1) The Christian novel. Virtually always twee, simplistic and generally crap, the Christian novel is to literature what fizzy cola bottles are to gourmet cuisine. The storyline is generally as follows:
Family of people who are all good church-goers apart from one wayward son who gets in with a bad crowd and begins to drink and say things like 'damn'. Much hand-wringing ensues. Wayward son goes off to seek fortune and ends up destitute; he comes upon a church, repents and turns nice. Previous friends of wayward son (who abandoned him in his hour of need, thus proving that only Jesus is your true friend) come to a bad end, while wayward son marries impossibly nice local girl who always thought he had a good side. They raise their own cute little family (this allows the same story to be repeated with the new family in the next book in the series, ad infinitum, although at some point Grandpa dies).

2) Everything that other Christians rave about. Examples have included The Purpose-Driven Church, The Da Vinci Code, and anything to do with Nooma (There. I said it. I don't like Nooma).

So it was with a certain amount of trepidation that I picked up 'The Shack', a recently-published Christian novel that lots of other Christians have raved about. I had been given it by a good friend, but nevertheless spent several minutes thinking up ways in which to pretend I had liked it despite hating it, even before picking it up.

And it is not a well-written book. The dialogue is clunky and the characters are fairly 2D... the plot is bizarre (though necessarily, so that's ok) and the ends are tied up so nicely that you can all but see the literary pink bows.

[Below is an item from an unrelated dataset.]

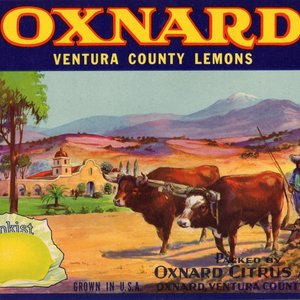 Oxnard Lemon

So really, I should have hated and despised it. But somehow I didn't. The only vaguely rational explanation I can come up with is that it appealed to some sort of inner child who likes her stories simple and unchaotic; perhaps we can blame it on the economic downturn, the local shootings and riots, and my own predisposition to misery, coming together to create a longing for nice. But whatever it was, I quite enjoyed it, and a couple of times it even inspired me to pray (in a good way, not in a 'Oh please, let this book end soon' way), and you can't say much fairer than that.

So maybe I should give Rick Warren another chance...


bresker said...

Would a Christian novel include something like Black Narcissus or Quo Vadis? Or does it have to have a 'message'?

whynotsmile said...

To be a popular Christian novel, it has to have the plot as outlined above. Allegory is wasted.

I don't know either of the books you said, so you'll need to provide plot summaries and samples of dialogue before I can make a decision.